# Chinese Martial Arts Weapons forum



## Blaze Dragon (Feb 23, 2014)

I'm actually surprised that there is not a CMA weapons forum. I mean after all there is great variety of weapons in Chinese martial arts, I see one for swords but not a general one for weapons. 

Since we are on it, what are some of your favorite weapons?

Me?
Qiang, Gun, Yanmaodao, miaodao, Jian, and Han Dynasty style Jian.

I have to say "short" gun,tie shan, and oo tzu kune are also very cool.


----------



## clfsean (Feb 23, 2014)

BlazeLeeDragon said:


> I'm actually surprised that there is not a CMA weapons forum. I mean after all there is great variety of weapons in Chinese martial arts, I see one for swords but not a general one for weapons.
> 
> Since we are on it, what are some of your favorite weapons?
> 
> ...



What is that in bold? That's possible two different dialects in there ... along with possibly as many Romanizations.

I'm playing stick & broadsword now... that's enough. Daggers are a side item. Might have Miao Dao coming this year. Not worried about since I have 3 section & butterfly knives in queue as a requisite.


----------



## Xue Sheng (Feb 23, 2014)

Jian, Dao, Long Pole.

Use to do three section staff, Guandao, short staff and even a bit (very little bit) Butterfly knives and I messed around with a 9 section whip but I realized that it was a great way to maim myself so I stopped


----------



## Blaze Dragon (Feb 23, 2014)

Xue Sheng said:


> Jian, Dao, Long Pole.
> 
> Use to do three section staff, Guandao, short staff and even a bit (very little bit) Butterfly knives and I messed around with a 9 section whip but I realized that it was a great way to maim myself so I stopped



lol "maim myself"  I've always tried to shy away from soft weapons that bend. I did learn the basic movements for Er Jie Gun (two section staff), but I'd rather not fight with them.

With your Guandao training did you use the big 85 solid metal one like General Guan or the lighter wooden shaft ones? My sifu brought a big solid metal one that weighted something like 30 or 40lbs (never weighted it) but it was a pain to swing around :S


----------



## Blaze Dragon (Feb 23, 2014)

clfsean said:


> What is that in bold? That's possible two different dialects in there ... along with possibly as many Romanizations.
> 
> I'm playing stick & broadsword now... that's enough. Daggers are a side item. Might have Miao Dao coming this year. Not worried about since I have 3 section & butterfly knives in queue as a requisite.



oo tzu kune are what we call our sun moon forks. We do a Pakua (bagua) form with them.

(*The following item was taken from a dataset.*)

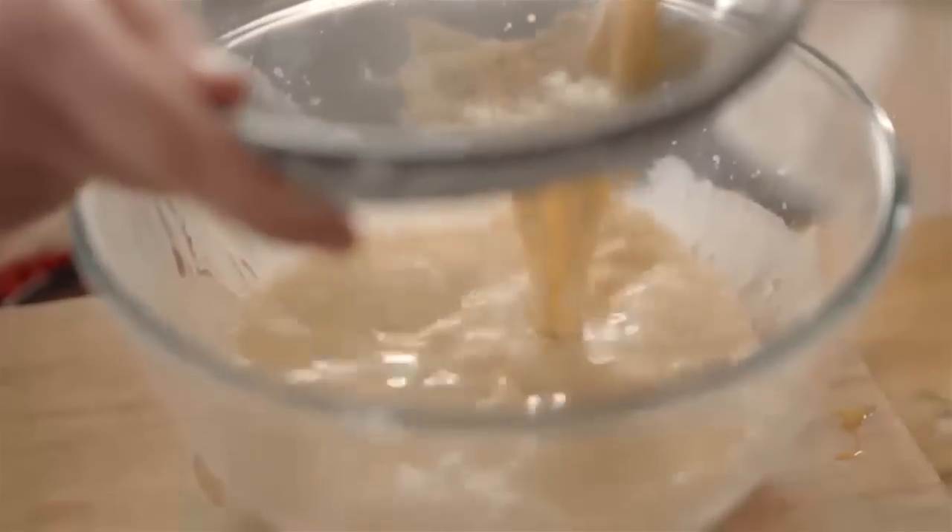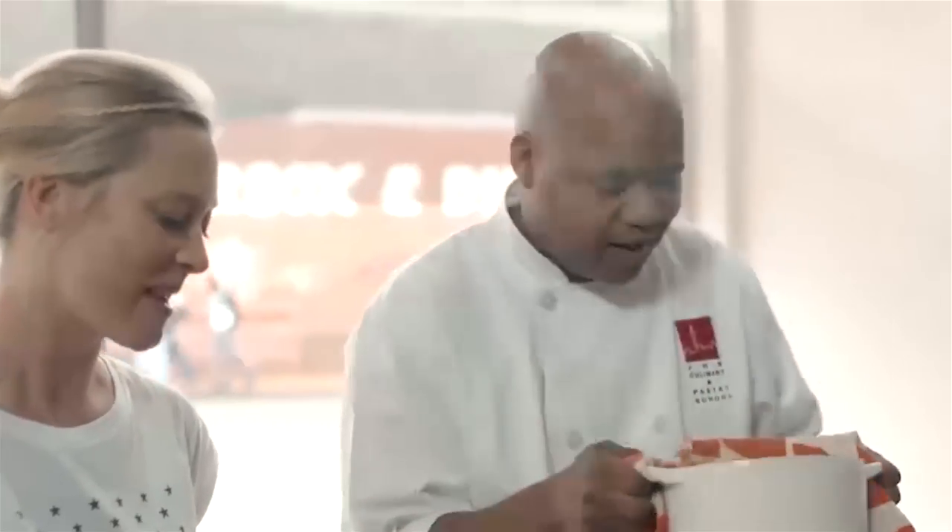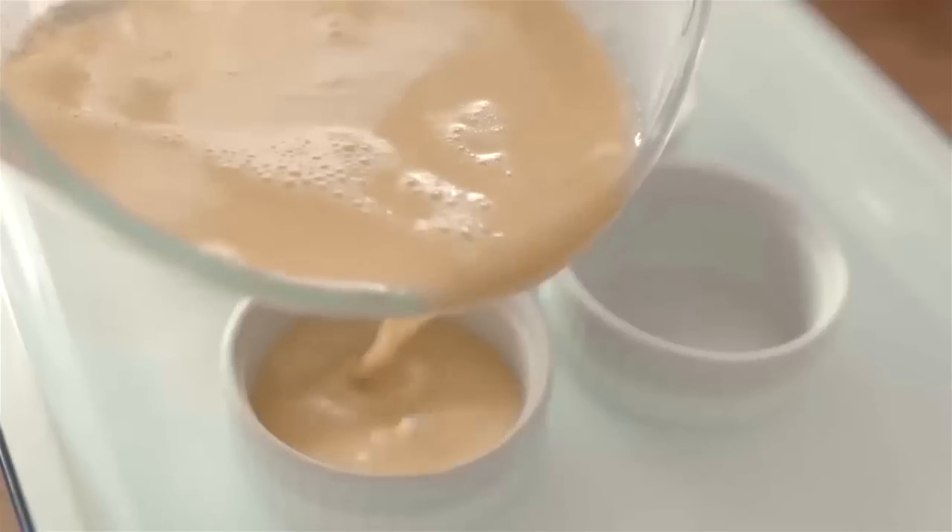I think the thing I love about crème brûlée is it sounds so fancy but it's actually so simple to make. And then what we're gonna do is we just pour it into our ramekins.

I don't use them well, but they are really really cool  of course there are no videos up of Shaolin-Do guys using them but there is this video on youtube. same ones we use.

[video=youtube_share;ZA07nWIzVQw]http://youtu.be/ZA07nWIzVQw[/video]

Which broad sword are you playing with the typical Niuweidao (Ox Tail Saber)?


----------



## Xue Sheng (Feb 23, 2014)

BlazeLeeDragon said:


> lol "maim myself"  I've always tried to shy away from soft weapons that bend. I did learn the basic movements for Er Jie Gun, but I'd rather not fight with them.
> 
> With your Guandao training did you use the big 85 solid metal one like General Guan or the lighter wooden shaft ones? My sifu brought a big solid metal one that weighted something like 30 or 40lbs (never weighted it) but it was a pain to swing around :S



Wushu steel (aka the boing boing flap flap blade) first and a heavier metal one later. If I had a backyard that was rather private I would work with a Guandao but I don't and I have no other place to work with one so I stopped. And I rather liked the gandao.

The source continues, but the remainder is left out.